Infant Characteristics

The infant characteristics studied included GA, birthweight, gender, postmenstrual age and postnatal age at observation. GA was determined by consensus based on three measures of GA (i.e., the mother’s last menstrual period, the Ballard scoring system, and ultrasound with birthweight consistent with age).

Infant State

In the original study, infant sleep-wake states were coded based on the 13-states scoring system designed by Als (1986). Each state was defined based on respirations, eye movements, eye opening, facial expressions, gross body movements, skin color, and tonus. In addition, each state was labeled in detail as diffuse (immature) or defined (mature) state. In the original study, there was little variability in the distribution of states using the 13-states coding system, and some states had extremely few occurrences. Therefore, in the secondary analysis, the 13 states were condensed into 4 major state categories: quiet sleep, active sleep, drowsy, and awake (Thoman, 2002). These four states categories were further examined using the descriptors diffuse and defined as reported by Als (1986). Diffuse and defined indicate the maturity of the specific state.

Data Analysis

Infant characteristics and states were summarized using descriptive statistics. Differences in infant demographics between the original study’s two nurseries were tested using t test for continuous variables and chi-square for categorical variables. There were no statistically significant differences between the nurseries; therefore data were pooled for analysis. Postmenstrual age was grouped into 2-week intervals (i.e., 31-32, 33-34, 35-36, 37-38, and 39-40 weeks postmenstrual age).

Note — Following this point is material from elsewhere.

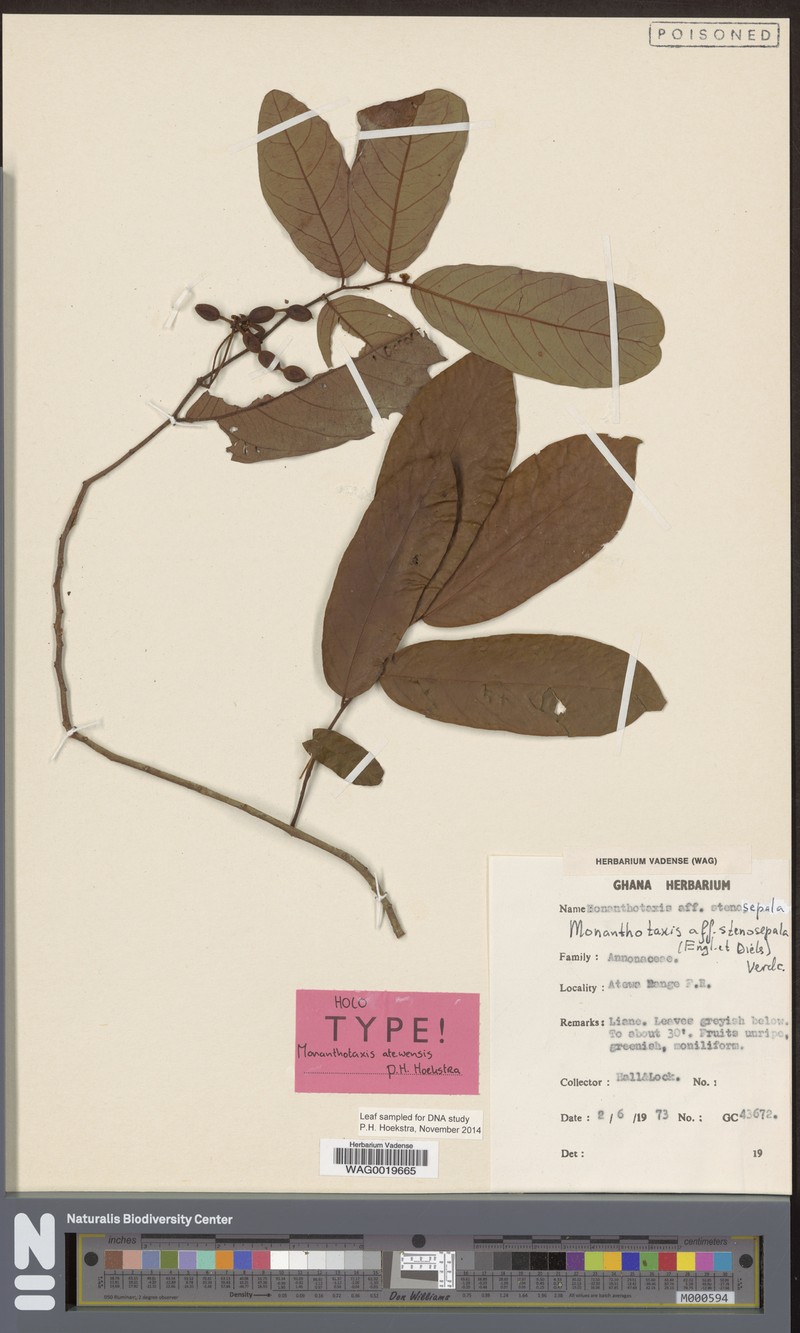 Monanthotaxis atewensis photo 2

The total percent of time in each of the four states (quiet sleep, active sleep, drowsy, and awake) per recording was calculated to account for variations and recording length. Percent of time in states categorized as diffuse and defined were also calculated. The mixed general linear (MGL) model was used to determine relations of state organization with infant characteristics. Traditionally, repeated measure linear regression models are used to study changes over several time points. However, these techniques are limited to categorical independent variables and are prone to individual differences in change over time (Curran & Muthen, 1999). The MGL model has the advantages of traditional regression models and can handle unequal variances, correlated variables, clustered data, and missing data. Moreover, the MGL model provides a more comprehensive understanding of the development of state organization in preterm infants by allowing the inclusion of covariates that differ between subjects and over time, and vary in the length of observation and duration between observations. Group, as well as individual, growth patterns can be identified (Holditch-Davis & Edwards, 1998a, 1998b).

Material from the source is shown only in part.